> **What to do**
This exercise calls for the line with "American Signal Book, Or, The", the line with "SOSTENIBILIDAD DE MINICENTRALES", and all lines between them in the material below, output exactly and with no other lines.

> **Supplied entries**
"""

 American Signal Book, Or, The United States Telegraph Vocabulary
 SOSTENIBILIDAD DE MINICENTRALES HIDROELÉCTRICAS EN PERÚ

"""
"""

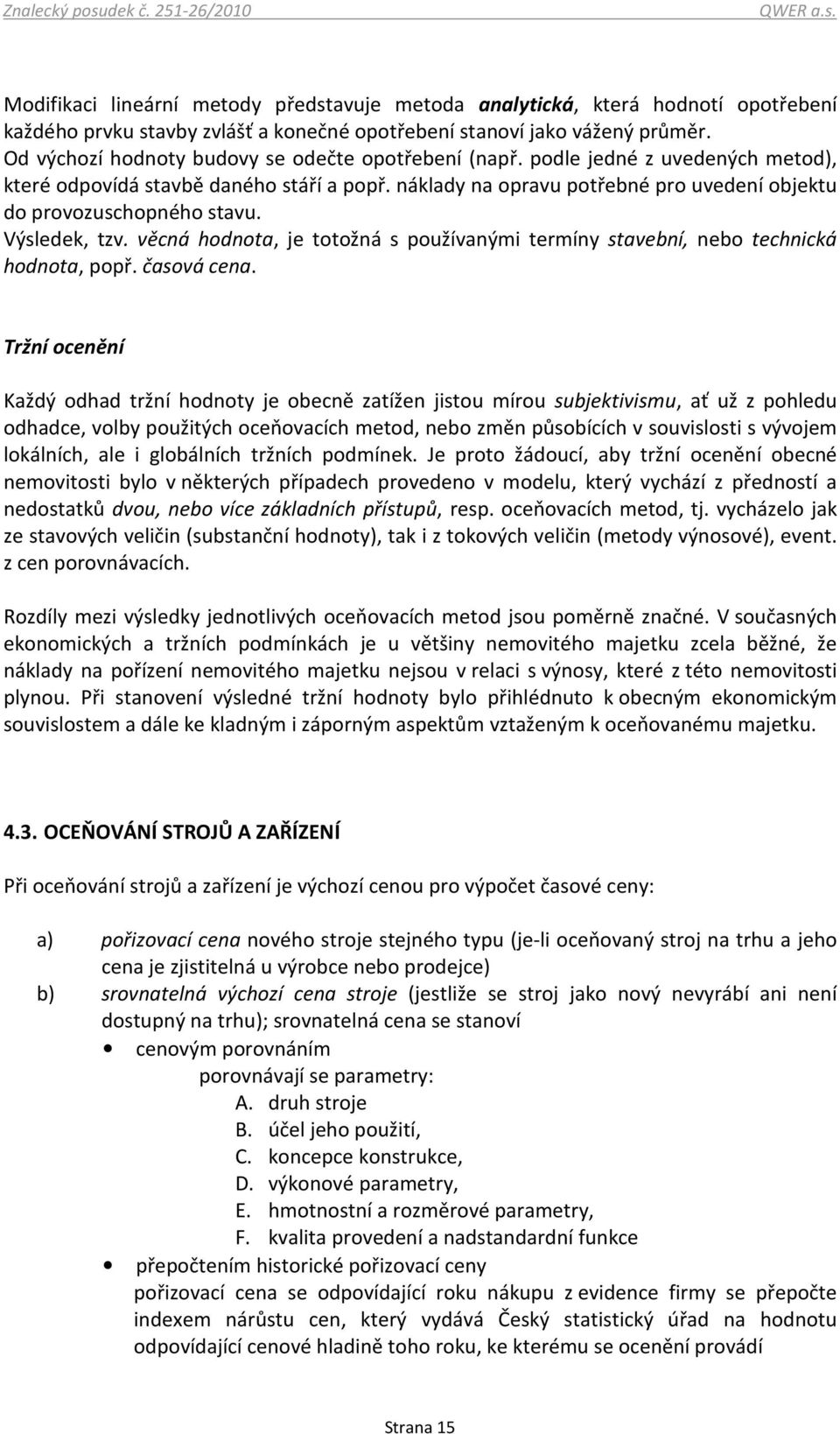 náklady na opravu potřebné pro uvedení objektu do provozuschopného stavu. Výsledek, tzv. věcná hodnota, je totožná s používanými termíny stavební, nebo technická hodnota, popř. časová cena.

"""
"""

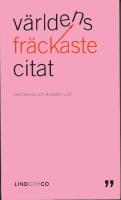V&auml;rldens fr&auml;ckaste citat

"""

> **Answer space**
 American Signal Book, Or, The United States Telegraph Vocabulary
 SOSTENIBILIDAD DE MINICENTRALES HIDROELÉCTRICAS EN PERÚ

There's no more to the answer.